Сев в колесницу, он поехал в Аримин, в то время как всадники следовали за ним на некотором расстоянии. Быстро подъехав к реке Рубикону, которая служит границею Италии, Цезарь остановился, глядя на ее течение, и стал размышлять, взвешивая в уме каждое из тех бедствий, которые произойдут в будущем, если он с вооруженными силами перейдет эту реку. Наконец, решившись, Цезарь сказал присутствующим: «Если я воздержусь от этого перехода, друзья мои, это будет началом бедствий для меня; если же перейду — для всех людей». Сказав это, он, как вдохновленный свыше, стремительно перешел реку, прибавив известное изречение: «Пусть жребий будет брошен».
Быстро подойдя к Аримину, Цезарь на заре захватил его и двинулся дальше, оставляя части своего войска в удобных местах. Все ближайшее население он привлек на свою сторону либо силой, либо гуманным отношением». [93]
93
Аппиан. Римские войны. СПб.: Алетейя, 1994. Гражданские войны. II, гл. 35.
Аппиан чем-то похож на режиссера-документалиста.
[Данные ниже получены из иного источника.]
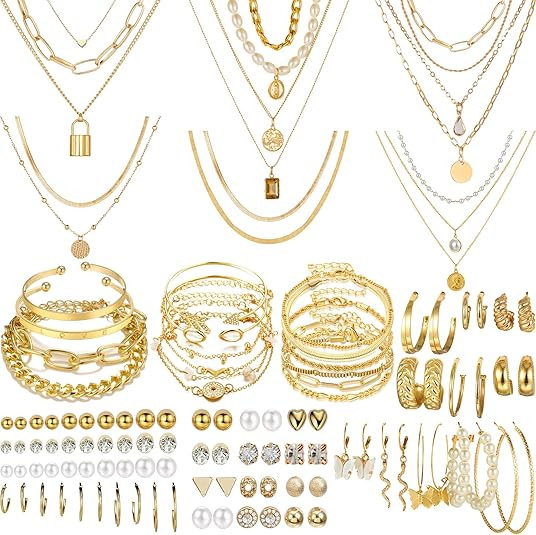 NEWITIN 69 Pieces Gold Jewelry Set for Women Fashion Costume Jewelry Gold Plated Necklace Bracele... | Amazon (US)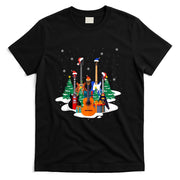 Guitar Santa Hat Christmas Tree Funny Music Loves Xmas Gifts T-Shirt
Сухая информация, минимальный комментарий, одни факты и вроде бы никакой отсебятины.
У Плутарха Цезарь ведет себя нерешительно, нервничает, словом, не похож на хладнокровного победителя, уверенного в своей удаче.
«Подойдя к реке Рубикону, по которой проходила граница его провинции, Цезарь остановился в молчании и нерешительности, взвешивая, насколько велик риск его отважного предприятия. Наконец, подобно тем, кто бросается с кручи в зияющую пропасть, он откинул рассуждения, зажмурил глаза перед опасностью и, громко сказав по-гречески окружающим: «Пусть будет брошен жребий», стал переводить войско через реку». [94]
94
Плутарх. Сравнительные жизнеописания. М.: Наука, 1994. Т. II. С. 99–100.
Любители авторского кинематографа могли бы поэкспериментировать с переходом через Рубикон в изложении Плутарха.
У Светония, в общем-то историка более лаконичного и сдержанного, этот эпизод выглядит ярче. Вот кому можно было бы поручить съемки коммерчески успешного блокбастера.
«Но когда закатилось солнце, он с немногими спутниками, в повозке, запряженной мулами с соседней мельницы, тайно тронулся в путь. Факелы погасли, он сбился с дороги, долго блуждал и только к рассвету, отыскав проводника, пешком, по узеньким тропинкам вышел, наконец, на верную дорогу. Он настиг когорты у реки Рубикона, границы его провинции. Здесь он помедлил и, раздумывая, на какой шаг он отваживается, сказал, обратившись к спутникам: «Еще не поздно вернуться; но стоит перейти этот мостик, и все будет решать оружие».